David and I were friends for 45 years. We first met in early 1962. I was only a few months out of college, working in the Washington Bureau of the New York Times as intern to James Reston, the columnist and bureau chief. Dave had recently been hired by the Times. He was 6 years older than I and much further along in his career, but he treated me as an equal from the beginning and we remained friends ever since. I find it almost impossible to believe that I'll never see him again.

_______________________

Baltimore: I dreamed of Halberstam writing an updated version of THE POWERS THAT BE to illuminate the reality of today's media. What differences do you think he might have highlighted between the Chandler-Paley-Sultzberger era and today's media outlets?

Jonathan Yardley: I'm sure he was appalled, as I am, by the near-total disappearance of seriousness from the media and the rise of news as entertainment.

_______________________

Fairfax, Va.: Why is The Best and the Brightest considered so great?

Jonathan Yardley:"Great" is pretty strong for any work of journalism, but The Best and the Brightest opened the country's eyes to the machinations and delusions behind the American role in Vietnam, and did a great service in steering the nation away from reflexive support of that foolish and costly adventure.

_______________________

West Orange, N.J.: How on earth, in the mid 1950s, did Halberstam, a New Yorker out of Harvard, get a job with newspapers in Mississippi or Tennessee?
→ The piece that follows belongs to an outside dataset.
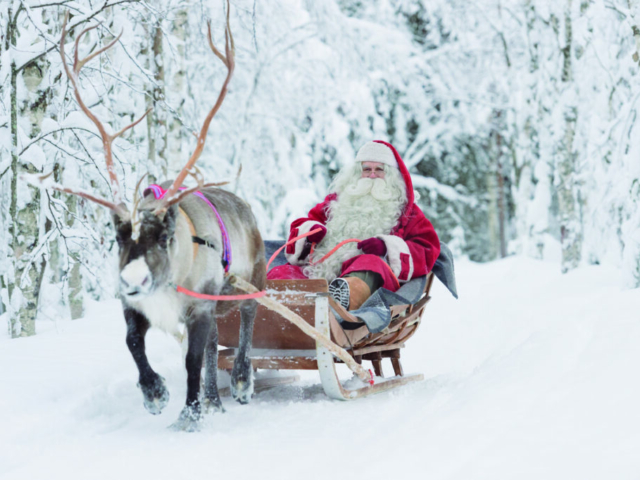 Santa Claus im Rentierschlitten © Juho Kuva, Visit Finland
Do any articles he wrote in that era survive? Did he cover civil rights stories and incur KKK threats, or stick to soft topics?

Jonathan Yardley: I have no idea -- he probably told me once, but I don't remember -- but once he got to the South he covered all the really hard stuff, and covered it very well.

_______________________

McLean, Va.: Jonathan:

I know much attention will be paid today to Halberstam's "serious" work on politics, government and the media, but virtually every book I've read of his was absolutely brilliant. This includes his sports books, starting with "The Breaks of the Game," probably the best book ever written about pro basketball. Another favorite was "The Fifties," a fascinating account of the many social, political, business and cultural changes took place in the supposedly sleepy 50's. Quite simply, no one's library is complete without a Halberstam collection. He will be greatly missed.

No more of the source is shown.